~By Dilip Bobb
Amit Shah has caused serious birthing pangs in political circles with his boastful promise that the BJP will rule for the next 50 years. Other political parties have taken his claim with a pinch of Patanjali salt but within the party, there is a frantic rush for the maternity ward and Janam Patris to ensure there are no babes in the wood as far as the BJP’s emerging leadership is concerned, with pampers for pampering and grooming already underway. Here’s how politicians are gearing up for 2068!
First Minister: I thought I was good at electoral arithmetic but this version of the Pythagorean Theorem by Amit Shah has upset all my calculations…
Second Minister: What has the Pythagorean Theorem got to do with Amit Shah? I always thought he was a graduate in bio-chemistry?
First Minister: It is now political bio-chemistry but he has come up with a new version of the Pythagorean Theorem which now reads B+J+P=50 which means it will take ages for a new leadership to emerge. All my colleagues are taking a new look at the Janam Patris of their offspring. As they say, leaders are born, not made.
Third Minister: I have been making my calculation on just janams. Modi is 67 so he will no longer be the unquestioned leadership choice…
First Minister: That is blasphemy! He is invincible, undefeatable, indefatigable, ageless, endless, indissoluble and indestructible. Modi is India and India is Modi, or since he likes acronyms so much, he stands for Me Or Dynastic India.
Second Minister: That is all very well, but, dare I say it, he will be 117 years old! Can he really be expected to be alive till then?
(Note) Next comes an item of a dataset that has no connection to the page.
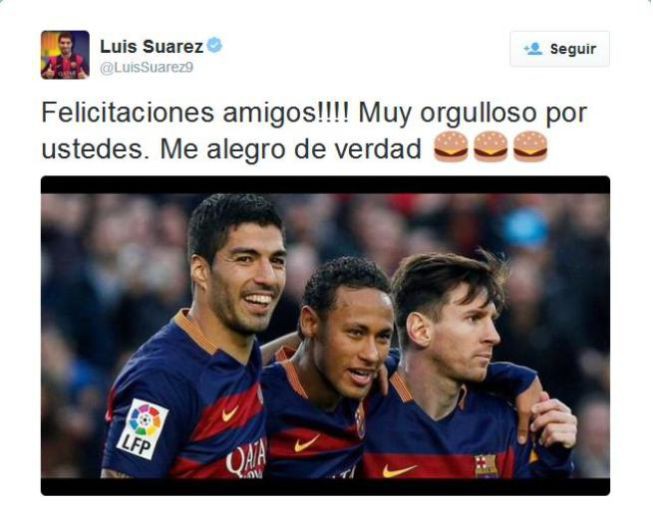 Suarez chúc mừng Messi và Neymar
FM: His spirit will live on forever (whispering: “in case there are any listening devices”) but by my calculations, looking at the current cabinet, only one minister of state, Anupriya Singh Patel, will be old enough, or young enough to be around—she will be 85, the same age as Amit Shah’s son Jay, but look at the rest, Amitbhai will be 113, Rajnath is 67, the same age as Modi, Jaitley will be 115, and even with a kidney transplant, his other organs of state will have collapsed.
SM: I have told my son to forget about Harvard and Oxford and focus on having lots of babies so they can enter the RSS very young—judging by the current leadership, that’s the most important entry in your bio for a future in the BJP.
TM: I have bought my grandson a tea estate, by my calculation, chaiwallas are the hot new flavour in politics.
FM: I consulted my Jyotisha—he says in the year 2068, there will be new stars in the Milky Way, so any potential leader must make cow protection their main crusade.
SM: That is what I have been puzzling over while deciding whether to groom my son or grandson, the son will be 65 when the next generation takes over, which is the peak age for politicians in India, but if I groom my grandson, what agenda will I teach him to follow?
SM: I don’t follow?
SM: By then, as this government has promised, there will be no poor people: they will all have jobs, with health insurance, 15 lakhs in their bank accounts, houses with electricity, water and toilets, in other words, acche din. Petrol and diesel prices will not matter since everyone will have vehicles running on gas and hot air. My God, what a country to rule over, a superpower! Have I forgotten anything?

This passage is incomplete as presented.